▸ **DIRECTIONS**
Look through the lines below for the word "London", and copy every line that has it.

DATA SHOWN START

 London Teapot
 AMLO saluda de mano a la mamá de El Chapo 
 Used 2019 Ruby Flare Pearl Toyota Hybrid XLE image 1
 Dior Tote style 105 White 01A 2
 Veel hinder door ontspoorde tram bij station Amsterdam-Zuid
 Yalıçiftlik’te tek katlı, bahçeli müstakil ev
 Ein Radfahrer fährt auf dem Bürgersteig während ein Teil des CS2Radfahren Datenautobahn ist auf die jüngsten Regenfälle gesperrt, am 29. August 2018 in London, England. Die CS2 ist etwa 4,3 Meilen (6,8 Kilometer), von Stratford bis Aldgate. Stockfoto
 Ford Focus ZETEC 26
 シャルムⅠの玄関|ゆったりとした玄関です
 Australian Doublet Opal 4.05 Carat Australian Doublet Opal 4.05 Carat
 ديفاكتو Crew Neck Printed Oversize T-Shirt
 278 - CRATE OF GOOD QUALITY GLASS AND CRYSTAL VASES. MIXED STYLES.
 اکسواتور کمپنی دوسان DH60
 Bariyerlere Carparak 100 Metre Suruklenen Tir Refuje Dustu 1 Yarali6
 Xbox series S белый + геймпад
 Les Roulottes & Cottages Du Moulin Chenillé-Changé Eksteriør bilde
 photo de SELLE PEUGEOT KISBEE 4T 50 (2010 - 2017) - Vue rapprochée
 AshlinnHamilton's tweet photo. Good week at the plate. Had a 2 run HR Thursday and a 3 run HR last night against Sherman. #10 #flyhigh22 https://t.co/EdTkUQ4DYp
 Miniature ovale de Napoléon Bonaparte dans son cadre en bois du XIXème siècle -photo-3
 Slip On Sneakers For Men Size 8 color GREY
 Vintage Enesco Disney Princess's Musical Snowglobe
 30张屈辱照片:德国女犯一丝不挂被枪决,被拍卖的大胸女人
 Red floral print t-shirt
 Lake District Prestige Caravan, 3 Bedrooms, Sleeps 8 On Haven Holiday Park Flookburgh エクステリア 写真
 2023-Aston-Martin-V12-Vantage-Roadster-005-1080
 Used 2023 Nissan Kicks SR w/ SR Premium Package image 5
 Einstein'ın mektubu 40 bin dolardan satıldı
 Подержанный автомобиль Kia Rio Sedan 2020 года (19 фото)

DATA SHOWN END

▸ **RESULT**
 London Teapot
 Ein Radfahrer fährt auf dem Bürgersteig während ein Teil des CS2Radfahren Datenautobahn ist auf die jüngsten Regenfälle gesperrt, am 29. August 2018 in London, England. Die CS2 ist etwa 4,3 Meilen (6,8 Kilometer), von Stratford bis Aldgate. Stockfoto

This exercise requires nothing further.